Ils étudièrent le plan du métro. Le voyage de ceinture prendrait des heures, et il leur serait presque impossible de conserver leur literie dans la cohue des voyageurs. Ensemble, ils secouèrent la tête.

— « Non, je ne crois pas, » fit le Batteur. « Ce serait plus économique de racheter du matériel neuf. »

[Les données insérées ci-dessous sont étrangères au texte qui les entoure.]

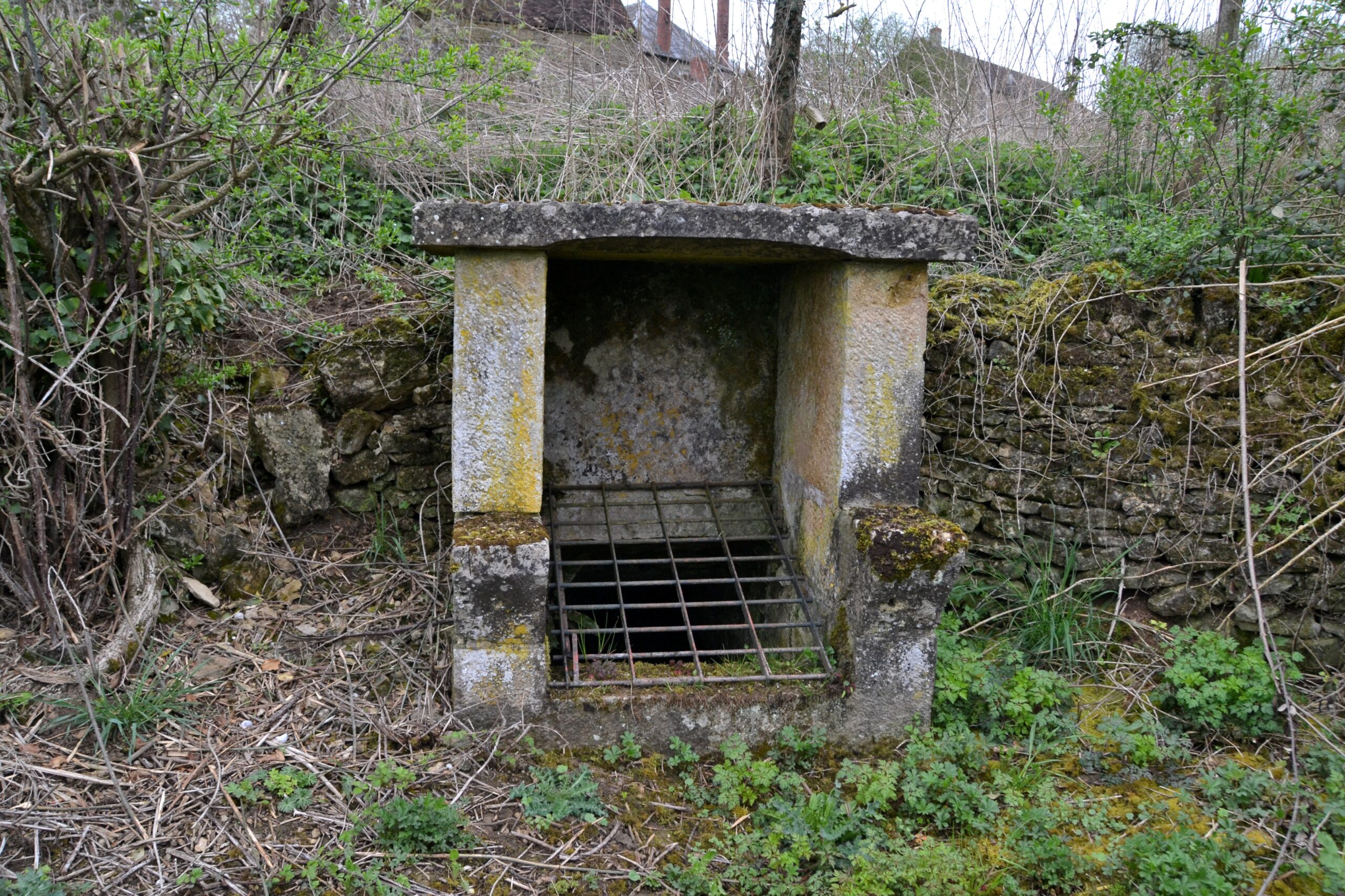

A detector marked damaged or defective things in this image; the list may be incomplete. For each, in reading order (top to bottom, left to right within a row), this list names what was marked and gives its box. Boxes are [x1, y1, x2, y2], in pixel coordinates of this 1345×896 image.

rusty metal grate [546, 482, 828, 683]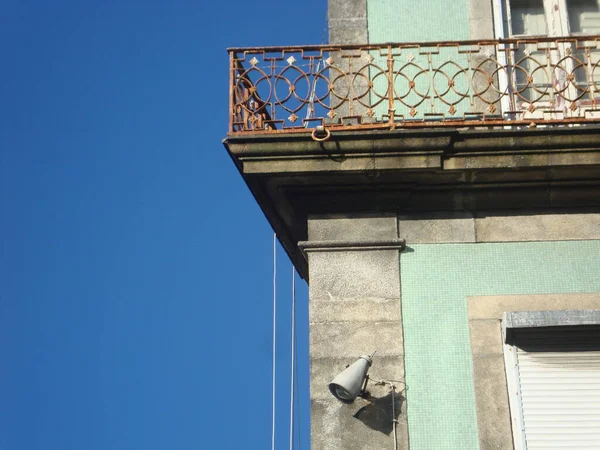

Ode acquiesça ; c’était plus raisonnable en effet.

Chapitre cinq

Abcès et parasites

Des vagues chaudes roulaient leur flot gris ardoise à travers des archipels tropicaux et nus, parcouraient des milliers de kilomètres dans des mers stériles et silencieuses et venaient se briser, dans un bruit de tonnerre, contre les falaises obliques et fissurées du Secteur Orange. Les couches calcaires, érodées par le martèlement continu, livraient leurs souvenirs les plus anciens, Xyne grex et Ganolytes cameo. Arrachés aux falaises, ces fragiles vestiges calcaires du Miocène, fossiles d’harengs et d’aloses, étaient lentement effacés par les vagues, exhumés, puis effacés sans cérémonie, sans témoin, par un océan désolé, sous des cieux vides. Des molécules vieilles de vingt millions d’années, assemblées pour constituer des téléostéens, se dispersaient maintenant, dans cette ère où il n’y avait plus de téléostéens. Des innombrables mégafossiles emmagasinés dans l’écorce terrestre, il n’en restait qu’une poignée. Aujourd’hui, un spécimen survivant de la mégafaune remontait, dans un tourbillon d’eau salée, parmi ces vestiges de harengs et d’aloses.